Une femme aux seins apparents guide la foule en colère ; un drapeau rouge, porté haut à bout de bras, est central dans la composition du tableau.
Comme chez Delacroix, ce sont des signes de courage et de conquête de la liberté. Une image forte de fierté nationale.

Pour conclure, Eugène Delacroix incarne l’élan romantique du XIXe siècle
Delacroix a traduit les idéaux romantiques dans sa peinture, autant par ses thèmes que par son style.
Portées par l’exaltation des grandes idées, ses toiles mettent en scène des figures héroïques et passionnées, prises dans un univers grandiose qui les dépasse.
Quant au style, son usage vibrant de la couleur, le goût du mouvement et de l’arabesque traduisent pleinement l’esprit romantique.

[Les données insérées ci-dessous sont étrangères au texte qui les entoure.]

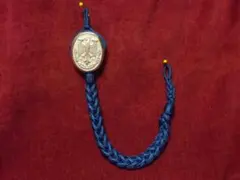 ＢＷドイツ軍/連邦軍＊海軍＊射撃手優等章２級ＳＩＬＢＥＲ章（実物）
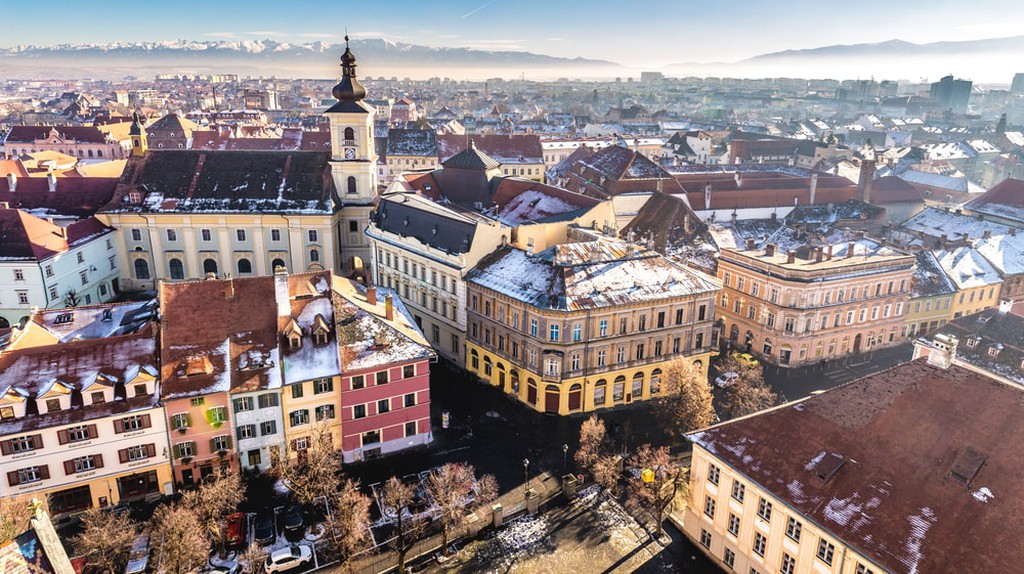 Sibiul, în competiție pentru titlul de cea mai bună destinație turistică din Europa Citeşte întreaga ştire: Sibiul, în competiție pentru titlul de cea mai bună destinație turistică din Europa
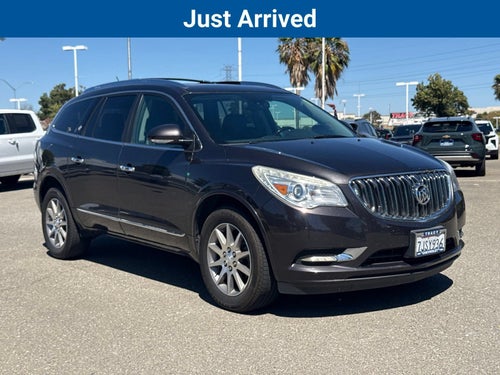 2015 Buick Enclave Leather
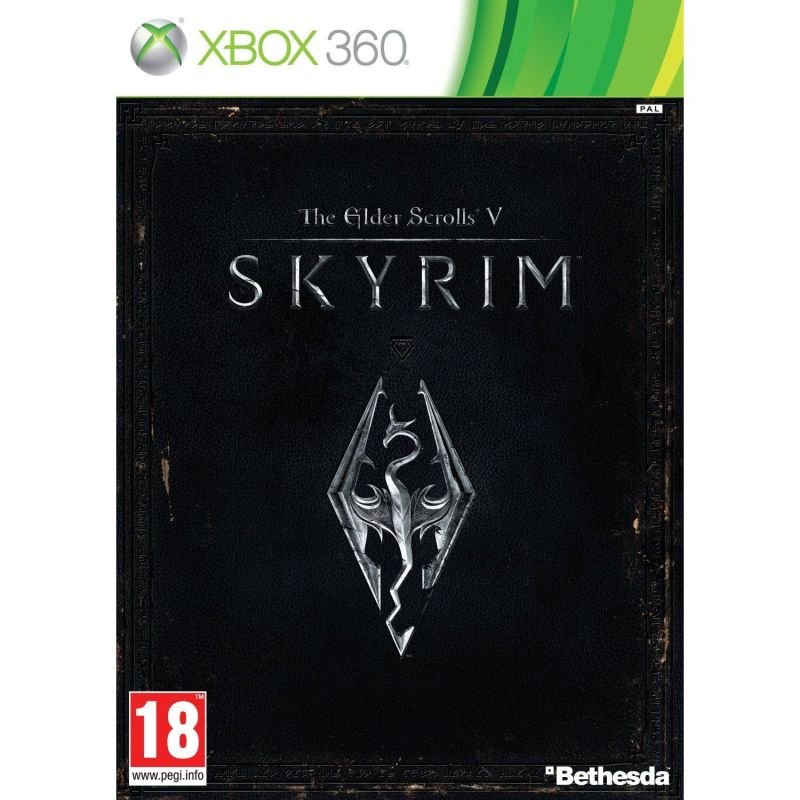 Jeu the elder scrolls v (5) : skyrim edition limitee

En exaltant les sentiments, il a su forger une œuvre personnelle, expressive et novatrice, qui marquera durablement l’histoire de l’art et inspirera des générations d’artistes.
Jusqu’au 19 octobre 2025, le musée national Eugène Delacroix, situé dans l’ancien appartement et atelier du peintre au 6 rue de Fürstenberg à Paris, présente l’exposition « Est-ce un Delacroix ? L’art de la copie ».